En un ejemplar del primer volumen de
las Mil y una noches (Londres, 1840) de Lane, que me
consiguió mi querido amigo Paulino Keins, descubrimos el manuscrito que ahora
traduciré al castellano. La esmerada caligrafía -arte que las máquinas de
escribir nos están enseñando a perder- sugiere que fue redactado por esa misma
fecha. Lane prodigó, según se sabe, las extensas notas explicativas; los
márgenes abundan en adiciones, en signos de interrogación y alguna vez en
correcciones, cuya letra es la misma del manuscrito. Diríase que a su lector le
interesaron menos los prodigiosos cuentos de Shahrazad que los hábitos del
Islam. De David Brodie, cuya firma exornada de una níbrica figura al pie, nada
he podido averiguar, salvo que fue un misionero escocés, oriundo de Aberdeen,
que predicó la fe cristiana en el centro de África y luego en ciertas regiones
selváticas del Brasil, tierra a la cual lo llevaría su conocimiento del
portugués. Ignoro la fecha y el lugar de su muerte. El manuscrito, que yo sepa,
no fue dado nunca a la imprenta.
Traduciré fielmente el informe,
compuesto en un inglés incoloro, sin permitirme otras omisiones que las de
algún versículo de la Biblia y la de un curioso pasaje sobre las prácticas
sexuales de los Yahoos que el buen presbiteriano confió pudorosamente al latín.
Falta la primera página.
"...de la región que infestan los
hombres monos (Apemen) tienen su morada los Mlch1,
que llamaré Yahoos, para que mis lectores no olviden su naturaleza bestial y
porque una precisa transliteración es casi imposible, dada la ausencia de
vocales en su áspero lenguaje. Los individuos de la tribu no pasan, creo, de
setecientos, incluyendo los Nr, que habitan más al sur, entre los matorrales.

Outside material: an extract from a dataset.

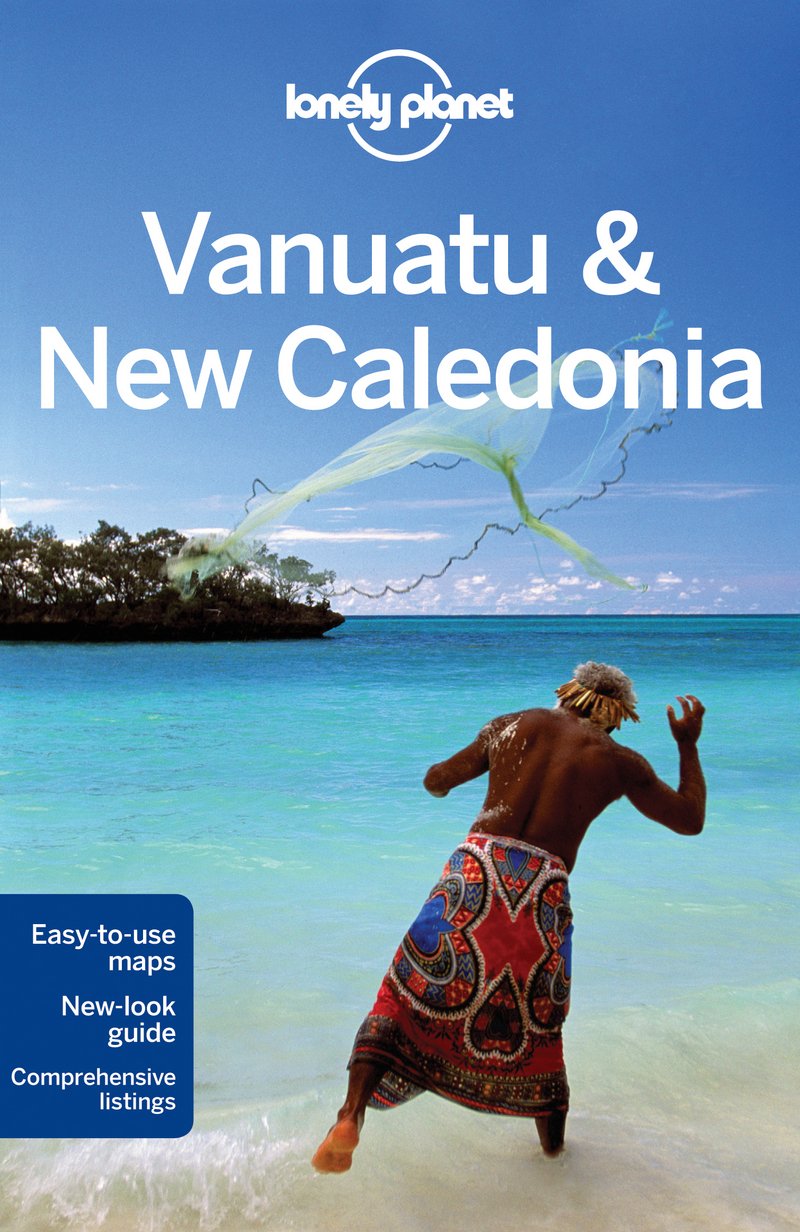 Vanuatu & New Caledonia 7 (Lonely Planet Travel Guide),Used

La cifra que he propuesto es conjetural, ya que, con excepción del rey, de la
reina y de los hechiceros, los Yahoos duermen donde los encuentra la noche, sin
lugar fijo. La fiebre palúdica y las incursiones continuas de los hombres-monos
disminuyen su número. Sólo unos pocos tienen nombre. Para llamarse, lo hacen
arrojándose fango. He visto asimismo a Yahoos que, para llamar a un amigo, se
tiraban por el suelo y se revolcaban. Físicamente no difieren de los Kroo,
salvo por la frente más baja y por cierto tinte cobrizo que amengua su negrura.
Se alimentan de frutos, de raíces y de reptiles; beben leche de gato y de
murciélago y pescan con la mano. Se ocultan para comer o cierran los ojos; lo
demás lo hacen a la vista de todos, como los filósofos cínicos. Devoran los
cadáveres crudos de los hechiceros y de los reyes, para asimilar su virtud. Les
eché en cara esa costumbre; se tocaron la boca y la barriga, tal vez para
indicar que los muertos también son alimento o -pero esto acaso es demasiado
sutil- para que yo entendiera que todo lo que comemos es, a la larga, carne
humana.
En sus guerras usan las piedras, de
las que hacen acopio, y las imprecaciones mágicas. Andan desnudos; las artes
del vestido y del tatuaje les son desconocidas.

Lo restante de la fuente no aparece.